AFRICAN BIRDS IN ARCTIC WINTER NIGHTMARE
read the headline…well, actually it didn’t. It read:
LES ANIMAUX DE LA TÊTE D’OR SONT PROTÉGÉS DU FROID
(The animals are protected from the cold)
I walk towards the lake and notice that it’s still frozen inches deep despite the thaw around me. Rocks, cigarette packets, sweet wrappers, broken sticks, half eaten kebabs, condoms, beer cans, all firmly embedded in the grey mass where they were discarded. If we suddenly slipped into a cataclysmic ice age and this layer was unearthed by a palaeontologist in a million years time, he might note the following: Human Beings were certainly alive at this period. Yet the abundant evidence of alcohol, tobacco and fast food at the Tete D’Or site clearly indicates that homo sapiens were not as stupid as first thought. They simply didn’t give a shit…
I circle the lake looking at the ducks hopelessly waddling on the ice and head up to The White House. In warmer months it’s a restaurant; in winter, it just sits there getting cold and less white. There’s a bench that gives a good view across to the golden gate and the main entrance to the park.
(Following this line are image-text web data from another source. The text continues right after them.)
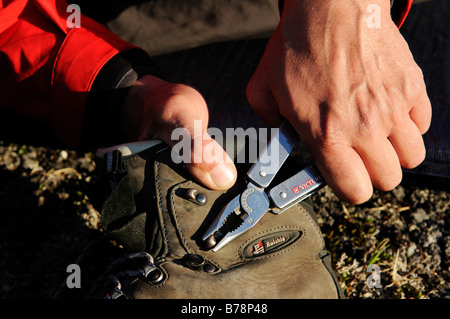 Trekker riparazioni il suo alpinismo boot con Leatherman tool, Ikasartivaq-Fjord, East-Greenland, Groenlandia Foto Stock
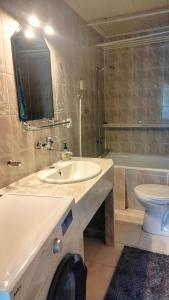 een badkamer met een wastafel, een toilet en een bad bij Apartament Morskie Oko in Brodnica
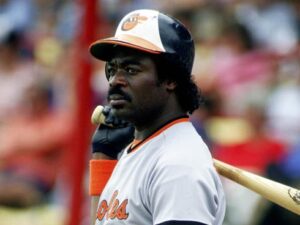 former orioles player holding baseball bat behind shoulder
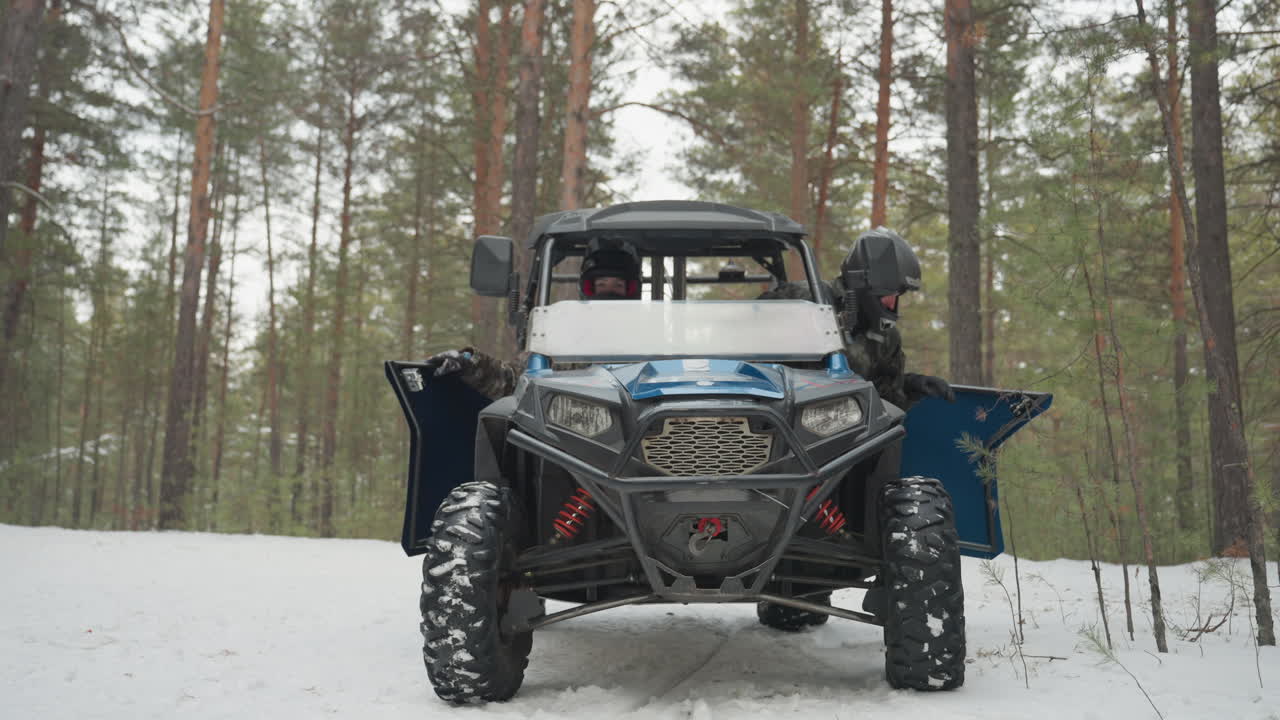 Controllo pre-corsa di un ATV nella foresta innevata. Due piloti con casco e in mimetica aprono gli sportelli e ispezionano un robusto buggy side-by-side, controllando pneumatici, paraurti e parabrezza prima della partenza, in un paesaggio di pini freddo e nitido.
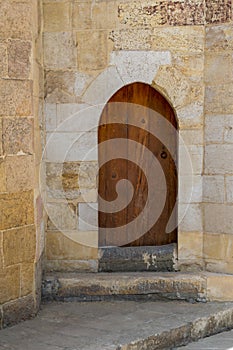 Grunge wooden aged vaulted door on exterior stone bricks wall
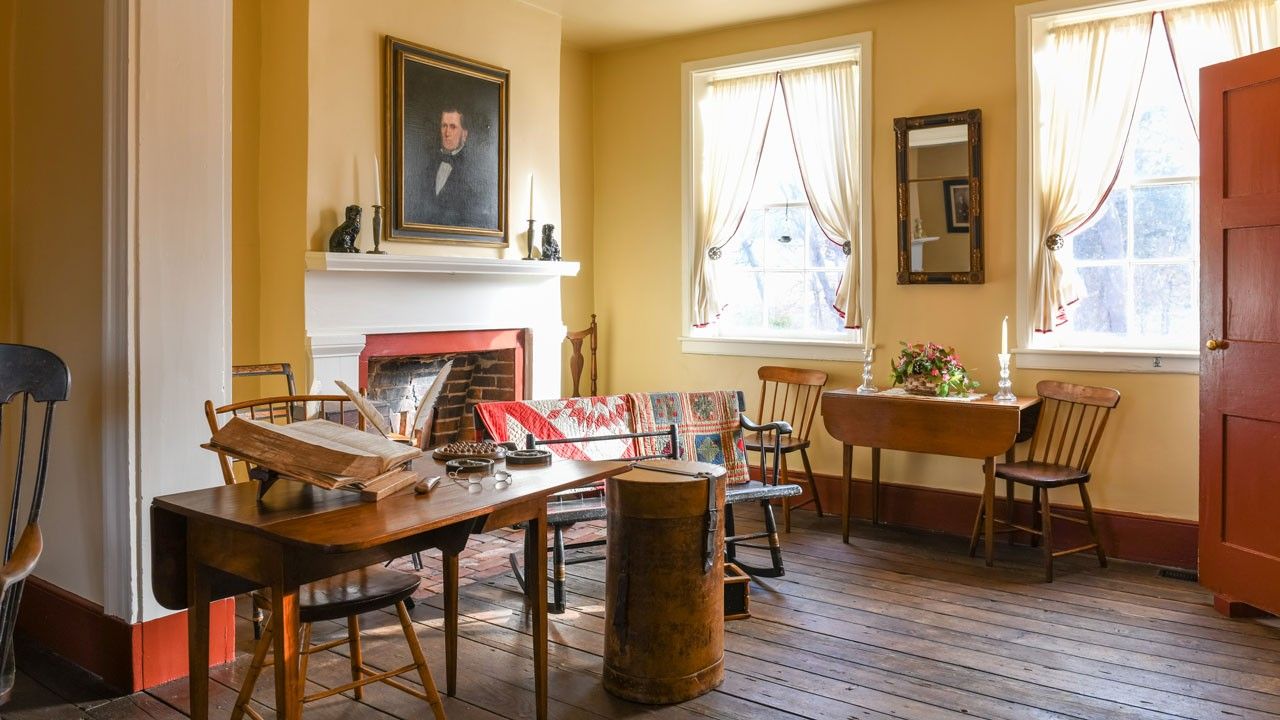 A well-furnished double parlor interior with a portrait painting of a man above a fireplace and bright curtained windows to the right.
There’s not as much litter up this end and it’s pleasant now that it isn’t as cold.
I was up on Fourvière Hill on Sunday looking around the Roman ruins while the Arctic wind machine I wrote about a few weeks ago was still in full operation. Whoever had designed that thing had made it to last. I can take the cold, but after a while of getting hit full in the face every morning by a wind that originates in a place where they eat seals instead of paninis for lunch, I start to get annoyed.
But on Monday morning it changed. It was only slight, but when I noticed that the wind had edged round to the South a notch, I knew the winter was over. OK, so it snowed Tuesday night, but this was nothing to panic about, as by lunchtime the city was free of snow and ice for the first time in months.
I breathe in a lungful of air. The smell of the sodden grass makes my senses come alive and my mind wanders to the spring. April and May. Such a contrast to the months spent trudging through the ice and snow; wrapped in layers that take too long to put on and to take off. Weeks spent going back and forth to work in the darkness as though the sun had been turned off to cut costs.
And then, just as you’re about to erect the gallows, spring explodes onto the scene. What a joyous occasion. The ever lightening nights, the gay chirps of the birds in the greening trees, the warming breeze on your face each morning as you cycle to work. The first pint of summer cider in the garden overlooking the brook. Everything about spring is good. Even the passing of my years knowing that with each one there is one less to go, never dampens my mood. I feel eternal.
I step up from the bench and start wandering back home along the path on the other side of the lake. The wind picks up and cruelly blows against my face. I turn around and glare at it and growl. It blows once more, strong and determined, but as I stand there resolute, it knows it cannot win. As like us, the wind machine knows, it cannot go on forever.